In high school and college, students are constantly told to watch what they post on social media sites, as it can have a detrimental affect on both their college and job acceptances. It is important for job seekers to know what kind of content can hurt their chances of getting a job, but it is also important for them to know how they can alternatively use social media to their advantage

Prominence of Social Media in Networking

Social Media has become an integral aspect of networking, for both recruiter and potential employee. Both parties can use sites such as Twitter, Facebook, and even YouTube to network and launch a working relationship. There have even been social media platforms created specifically for networking purposes, such as LinkedIn and VisualCV. Recruiters have increasingly turned to social media to find candidates for positions and do quick “background checks” of these candidates. Those who have neglected to create and update a social media presence, or have posted negative content, could miss out on being considered for positions. Some even say that a social media profile may be as important as your resume if you are looking for a new job or career.

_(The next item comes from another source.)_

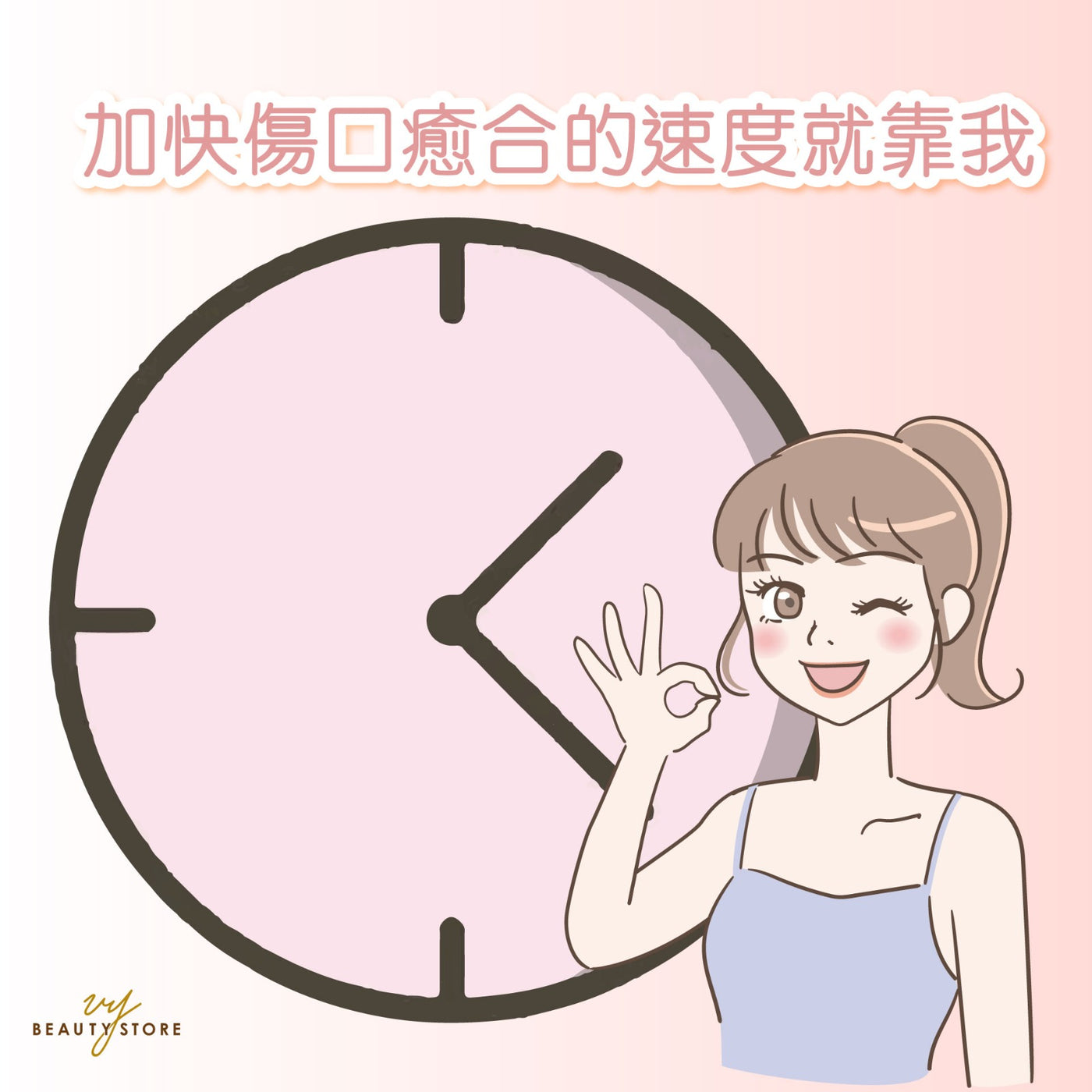 加快伤口愈合的速度就靠我! 🤕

According to a Social Recruiting survey conducted by Jobvite in 2014, 73% of recruiters have hired a candidate through social media.

With an increasingly competitive labor market and recruiters relying more heavily on social media to find employees, it is essential for young adults to use social media to their advantage rather than allowing their posts to hurt their opportunities.  While searching for jobs and hoping to launch a dream career, young adults must learn how to market themselves by filtering posts on social media sites and using their personal pages to grasp the attention of potential employers in a positive way.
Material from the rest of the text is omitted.